Despite early developmental problems, precision guided munitions (PGM) revolutionized the air war in Southeast Asia. By the war's end, laser guidance kits turned standard bombs into "smart bombs," making them 100 times more effective than free-fall, unguided bombs.

At first, the U.S. Air Force's conventional bombs lacked the accuracy to destroy tough targets like the Thanh Hoa Bridge (or "Dragon's Jaw" Bridge), 70 miles south of Hanoi. In April 1965 radio-guided Martin AGM-12 Bullpup missiles were used on the first attack on the bridge. With just a 250-pound warhead, they proved too lightweight to do any real damage. Repeated air attacks failed to destroy this important bridge completely until very late in the war.

The U.S. Air Force tried the electro-optically guided Rockwell International GBU-8 and the Martin Marietta AGM-62 Walleye, but these PGMs had trouble distinguishing the target, were too expensive or still too small for hardened targets like the Dragon's Jaw Bridge.

A revolution in PGM development occurred when Col. Joseph Davis Jr., at the Air Proving Ground at Eglin Air Force Base, Fla., and Weldon Word, an engineer with Texas Instruments, adapted the U.S. Army's laser guidance systems to work on bombs. In 1968 the U.S. Air Force evaluated in combat the world's first laser-guided bomb (LGB), the Texas Instruments BOLT-117. Despite its good results, the U.S. Air Force adopted the more powerful Texas Instruments GBU-10 Paveway I, a conventional 2,000-pound MK 84 bomb adapted with a laser guidance system. The resulting accuracy was impressive with almost half of all LGBs dropped in Southeast Asia hitting their target. Most of the other LGBs hit within 25 feet.

In April 1972 the U.S. Air Force used LGBs to destroy the Dragon's Jaw Bridge and the more famous Paul Doumer Bridge just outside of Hanoi.
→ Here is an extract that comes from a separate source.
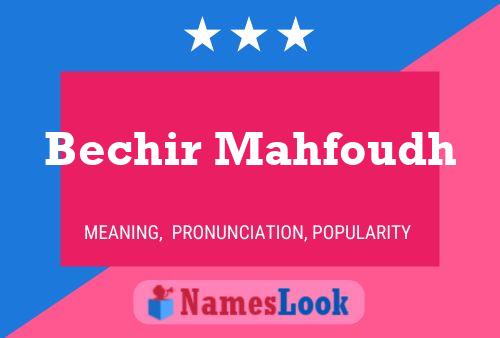 Bechir Mahfoudh Name Poster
During the last year of the war, LGBs destroyed 100 more bridges across North Vietnam.

Click on the following links to learn more about precision guided weapons during the Southeast Asia War.

Martin AGM-12B Bullpup A
Martin Marietta AGM-12C Bullpup B
Rockwell International GBU-8 Electro-Optical Guided Bomb
Martin Marietta AGM-62 Walleye I
Texas Instruments BOLT-117 Laser-Guided Bomb
 

Click here to return to the North Vietnam: Linebacker and Linebacker II Overview.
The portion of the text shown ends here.